June 28th, 2007 10:50 PM
"I'm gonna be honest; I can deal with the speaking in toungues, the levitating bed, even when you twist your head completely around, but the projectile vomitting is just too much. Goodbye, Lexie."
"I'm sorry you feel that way, Derek"
[Lexie's eyes glow red and Derek throws himself down the stairs and dies]
June 29th, 2007 5:42 AM
Lexi: Stop looking at me!
Derek: I am not looking at you.
Lexi: You are looking at me and you watch me, and i can't beathe with you looking at me like that so just stop!
Derek: Can't we just skip to the kissing and the mcnasty nasty already?!
June 29th, 2007 5:45 AM
Derek: Would it be better if we slept together before Meredith and I get married or after?
Lexi: Either way Christmases and New Years are gonna be awkward!
June 29th, 2007 5:53 AM
Lexi: I'm going to bed... you coming?
Derek: Ok... hold on, is there anything I should know about you?
Lexi: What do you mean?
Derek: Like... i don't know, bad morning breath?
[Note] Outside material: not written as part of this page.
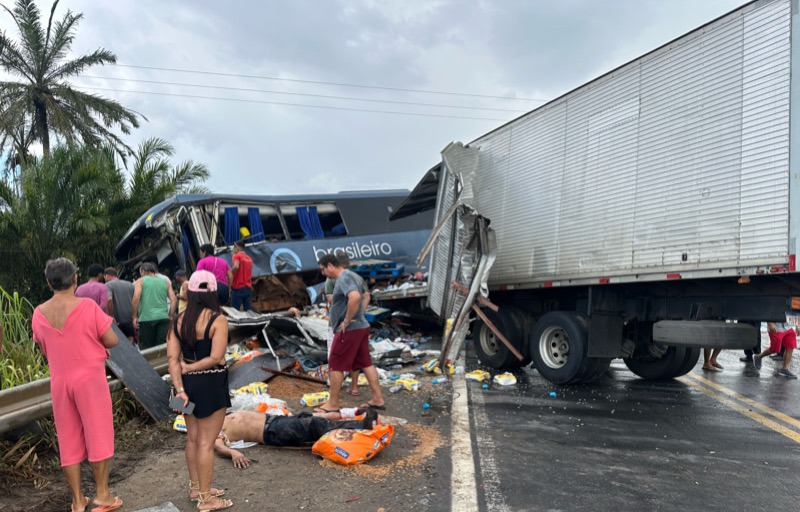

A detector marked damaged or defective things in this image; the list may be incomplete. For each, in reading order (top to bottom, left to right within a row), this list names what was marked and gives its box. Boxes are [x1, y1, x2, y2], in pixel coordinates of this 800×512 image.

crashed bus [114, 191, 432, 310]
crashed bus [396, 0, 800, 384]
Stubble? Bed hogging? Syphilis?
Lexi: Hmm... well lets see, I snore...
Derek: Ok forget about it, see ya later!
June 29th, 2007 11:05 AM
Derek: Hey there, cutie. What's your name?
Lex: Satan, Prince of Darkness
Derek: Oh, so you're Lexie.
June 29th, 2007 3:32 PM
Let's see, how can we piss off the most viewers this season...
June 29th, 2007 5:15 PM
Let's see who can make the best flirty smile.
June 29th, 2007 6:14 PM
Derek: (thinking) Wow, at first I thought it was the beer goggles, but now that I've sobered up, she really DOES look like Meredith! Oh crap- did I somehow sleep with her?
Lexie: (thinking) Meredith's right, he DOES have gorgeous hair but does he have to wear a hairnet to bed?